_What this task involves_
The answer must be an exact printing of every record below, with the pictures omitted.

::: Excerpted records

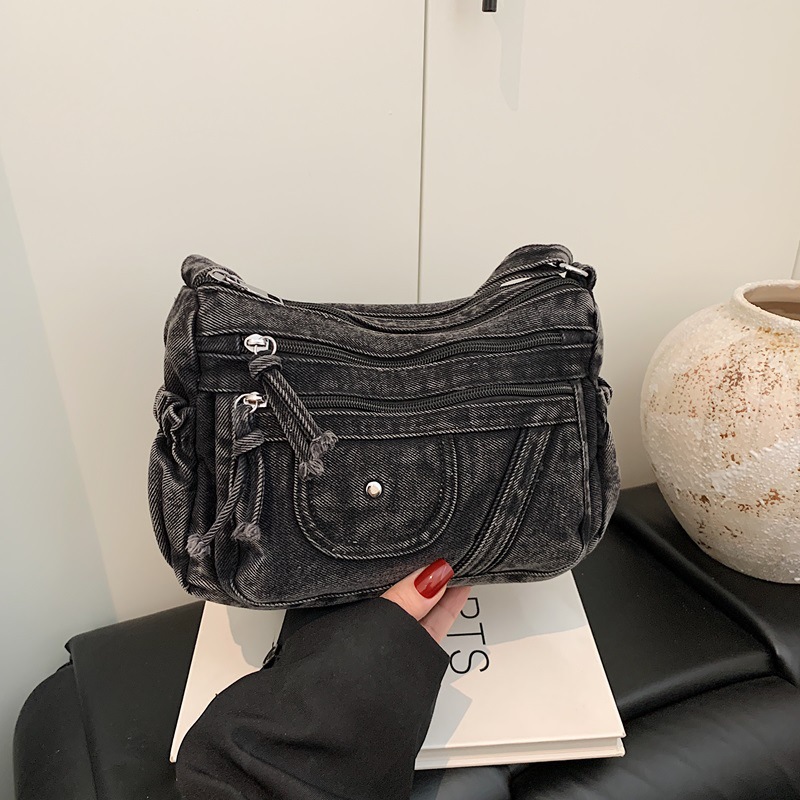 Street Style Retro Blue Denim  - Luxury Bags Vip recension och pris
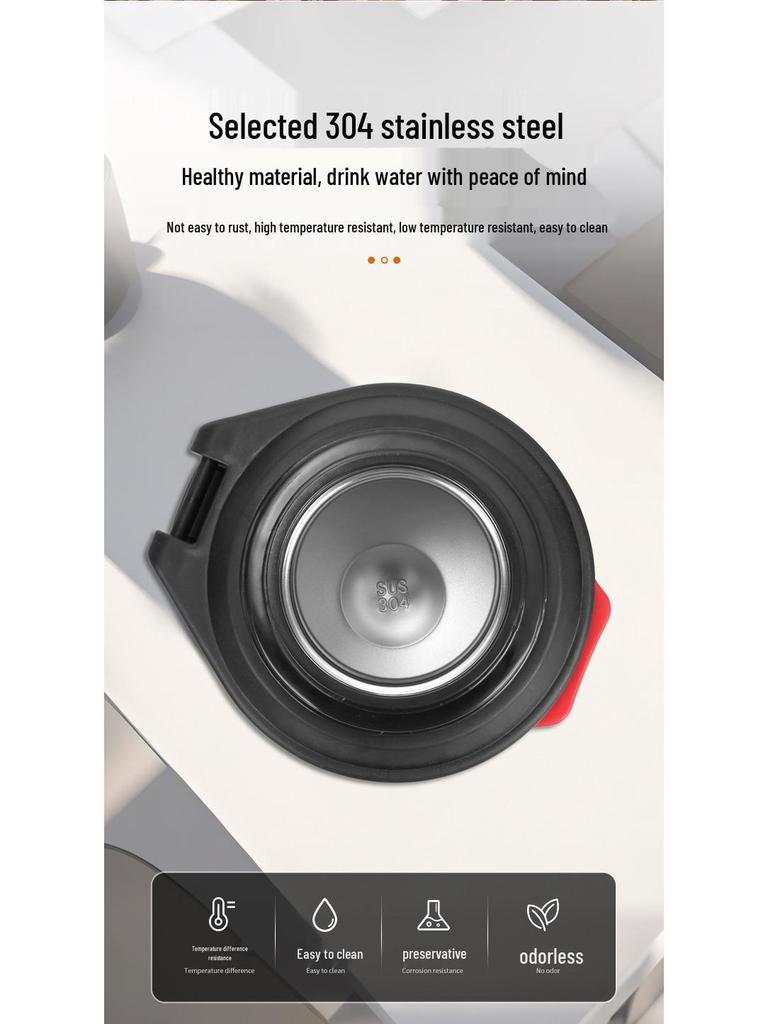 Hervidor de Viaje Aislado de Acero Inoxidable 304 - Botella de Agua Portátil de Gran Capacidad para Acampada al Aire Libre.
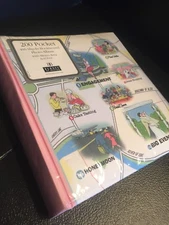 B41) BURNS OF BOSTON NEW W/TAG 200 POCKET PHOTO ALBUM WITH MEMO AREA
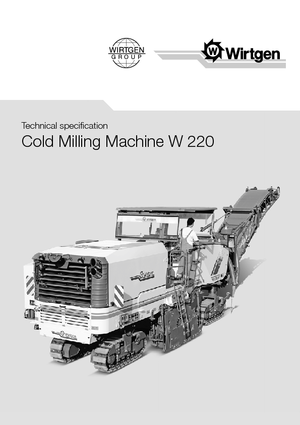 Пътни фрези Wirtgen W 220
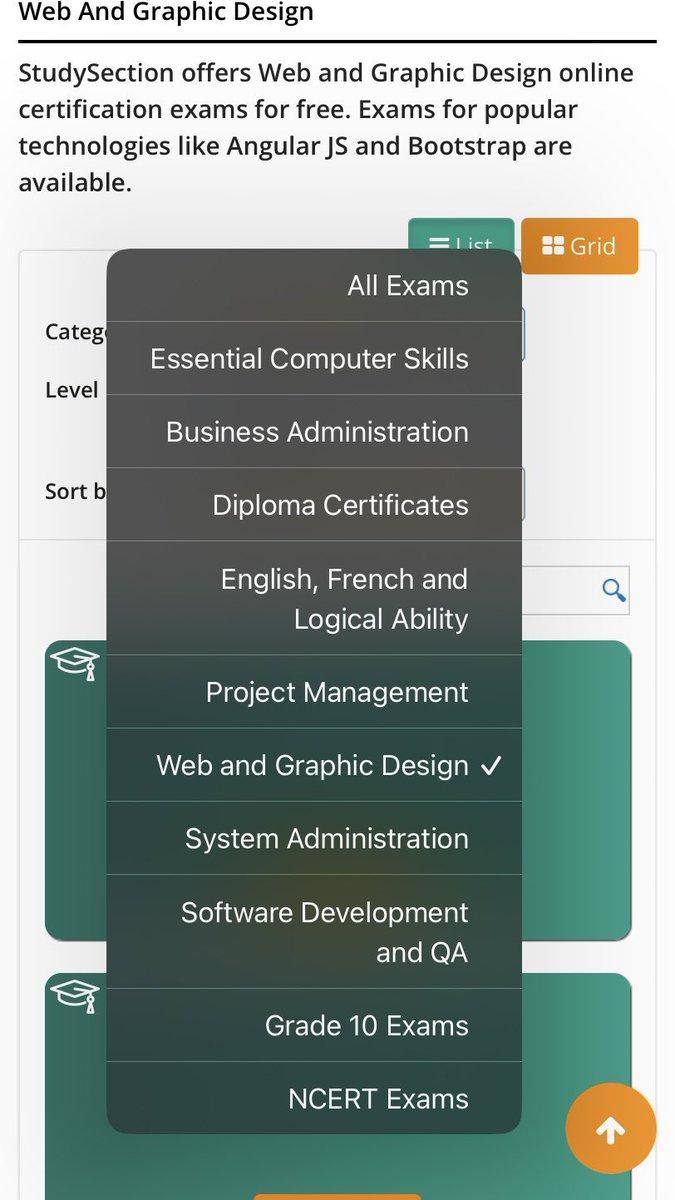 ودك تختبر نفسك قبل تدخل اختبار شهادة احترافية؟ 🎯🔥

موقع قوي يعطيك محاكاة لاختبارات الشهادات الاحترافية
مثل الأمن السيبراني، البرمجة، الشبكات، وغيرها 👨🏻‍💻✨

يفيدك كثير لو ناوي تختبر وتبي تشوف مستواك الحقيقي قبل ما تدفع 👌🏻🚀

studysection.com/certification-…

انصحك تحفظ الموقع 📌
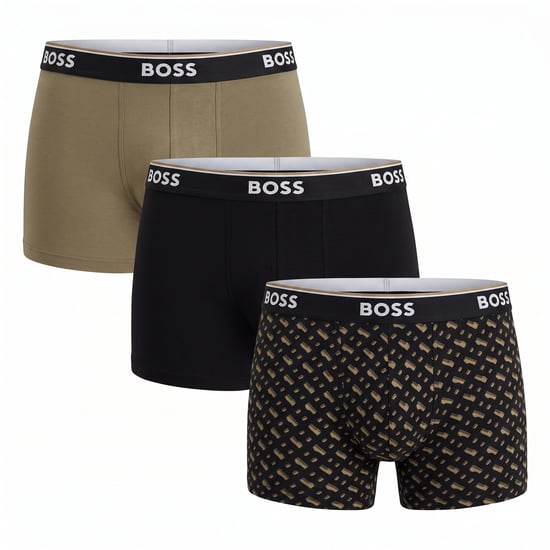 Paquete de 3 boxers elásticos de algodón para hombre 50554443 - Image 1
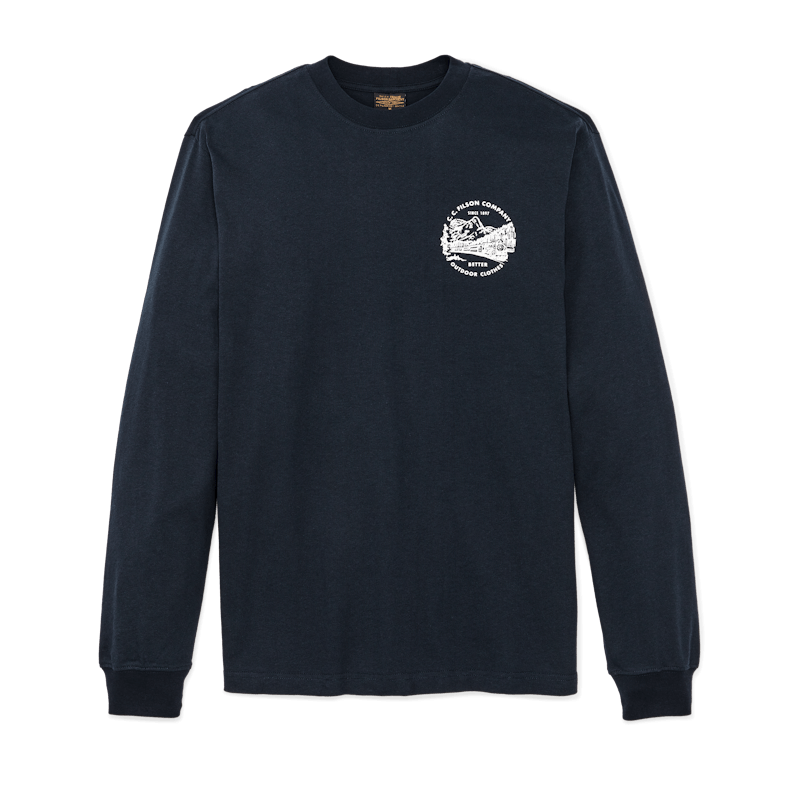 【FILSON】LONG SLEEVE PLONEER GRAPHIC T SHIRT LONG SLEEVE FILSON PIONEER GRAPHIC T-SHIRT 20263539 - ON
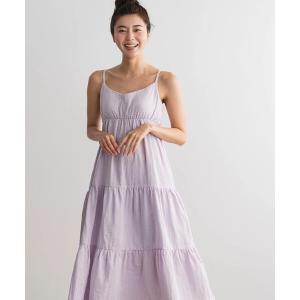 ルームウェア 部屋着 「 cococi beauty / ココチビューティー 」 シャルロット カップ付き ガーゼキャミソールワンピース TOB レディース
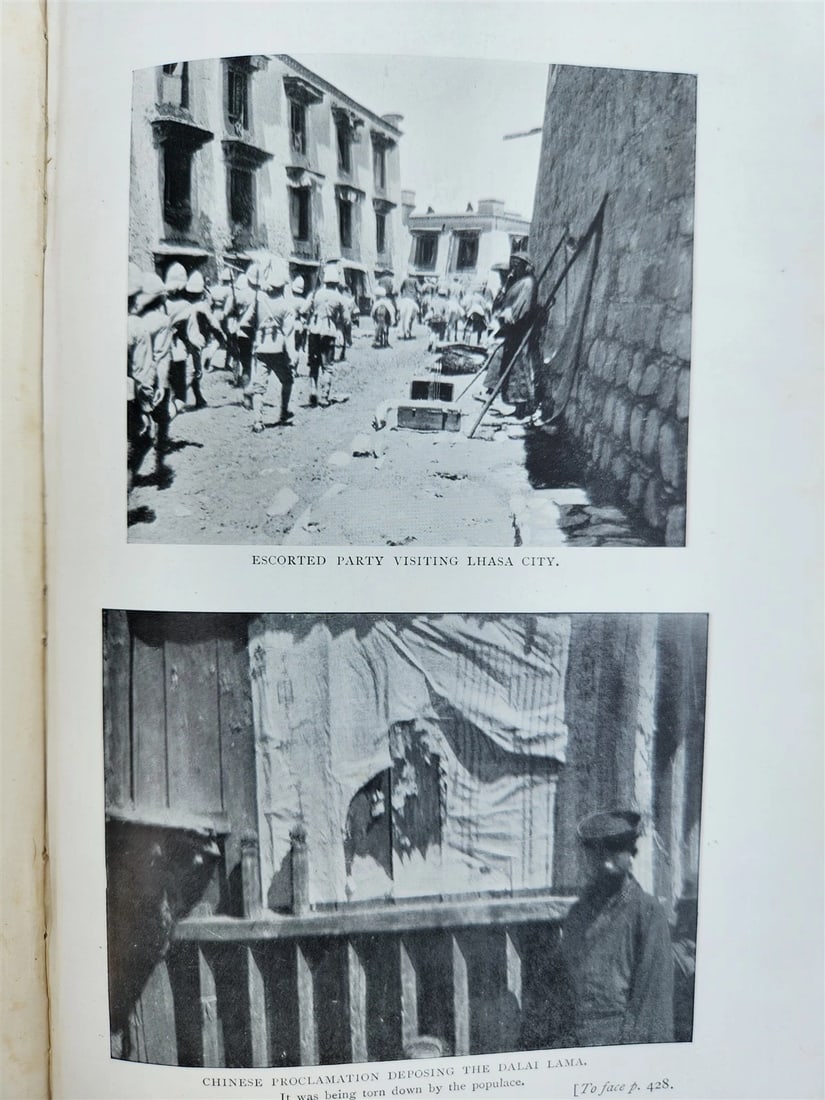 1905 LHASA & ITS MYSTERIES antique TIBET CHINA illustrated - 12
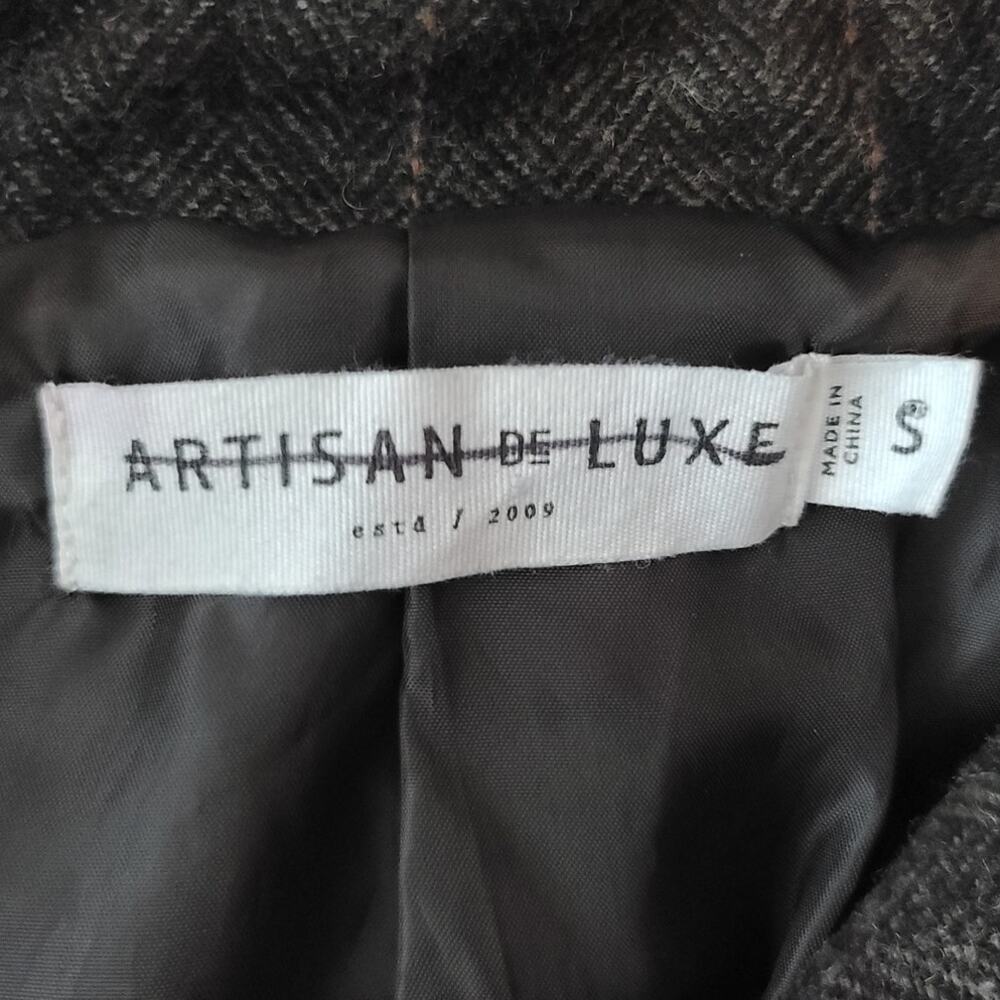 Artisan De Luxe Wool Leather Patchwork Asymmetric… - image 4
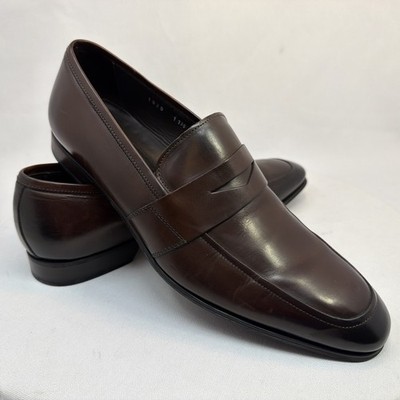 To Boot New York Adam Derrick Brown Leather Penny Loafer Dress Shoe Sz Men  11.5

::::::

_Final answer_
 Street Style Retro Blue Denim  - Luxury Bags Vip recension och pris
 Hervidor de Viaje Aislado de Acero Inoxidable 304 - Botella de Agua Portátil de Gran Capacidad para Acampada al Aire Libre.
 B41) BURNS OF BOSTON NEW W/TAG 200 POCKET PHOTO ALBUM WITH MEMO AREA
 Пътни фрези Wirtgen W 220
 ودك تختبر نفسك قبل تدخل اختبار شهادة احترافية؟ 🎯🔥

موقع قوي يعطيك محاكاة لاختبارات الشهادات الاحترافية
مثل الأمن السيبراني، البرمجة، الشبكات، وغيرها 👨🏻‍💻✨

يفيدك كثير لو ناوي تختبر وتبي تشوف مستواك الحقيقي قبل ما تدفع 👌🏻🚀

studysection.com/certification-…

انصحك تحفظ الموقع 📌
 Paquete de 3 boxers elásticos de algodón para hombre 50554443 - Image 1
 【FILSON】LONG SLEEVE PLONEER GRAPHIC T SHIRT LONG SLEEVE FILSON PIONEER GRAPHIC T-SHIRT 20263539 - ON
 ルームウェア 部屋着 「 cococi beauty / ココチビューティー 」 シャルロット カップ付き ガーゼキャミソールワンピース TOB レディース
 1905 LHASA & ITS MYSTERIES antique TIBET CHINA illustrated - 12
 Artisan De Luxe Wool Leather Patchwork Asymmetric… - image 4
 To Boot New York Adam Derrick Brown Leather Penny Loafer Dress Shoe Sz Men  11.5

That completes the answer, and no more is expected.